Sablier n° 1.13.
Natacha Israël
12/04/2020
Par la fenêtre, je vois d’abord le ciel, les antennes de télévision sur les toits, les toits, les fenêtres accrochées aux immeubles en face, les immeubles et quelques personnes à l’intérieur, confinées dans leur appartement, puis la rue, un parc à droite dans la rue, une station de tramway au bout de la rue, des bâtiments sur un boulevard qui mène droit à la Porte de Vincennes et même beaucoup plus loin, hors de Paris, le plus loin possible, là j’aimerais bien… Mais non.

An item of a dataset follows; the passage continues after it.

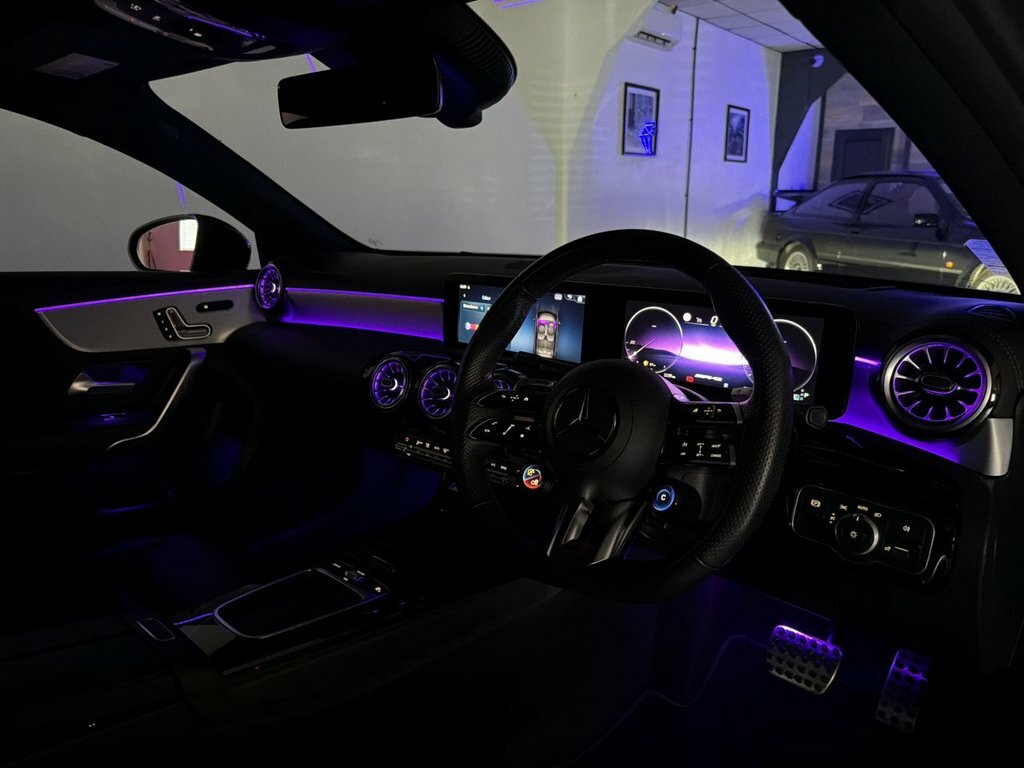 Mercedes-Benz A Class A200 Amg Line Executive Silver #14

À vingt heures, nous sommes assez nombreux à la fenêtre, pour applaudir les soignants. Avant le changement d’heure, beaucoup d’entre nous apparaissaient en robe de chambre, ou pyjama, ou même en caleçon. Depuis le changement d’heure, j’observe qu’une minorité s’est rhabillée et s’habille même avec élégance. Depuis le début du confinement, je n’applaudis ni en robe de chambre ni en tenue de gala mais dans une sorte de tenue confortable et chaude que je ne porterais ni hors de mon domicile ni dans mon lit, encore qu’une « doudoune » camoufle précisément mes vêtements. J’habite au 5ème étage et ma fenêtre ouvre sur une terrasse, contrairement aux fenêtres de mes voisins. Avec ma « doudoune », je conserve l’aspect d’une passante. Sur ma terrasse, j’ai le même look que sur le trottoir. Par nos applaudissements à la fenêtre, mes voisins et moi attestons au passage, sans y être contraints, que nous ne sommes pas pestiférés. Si une fenêtre ne s’ouvre pas, je m’inquiète, mais je ne vois pas toutes les fenêtres. Le Panoptique n’est plus dans la rue.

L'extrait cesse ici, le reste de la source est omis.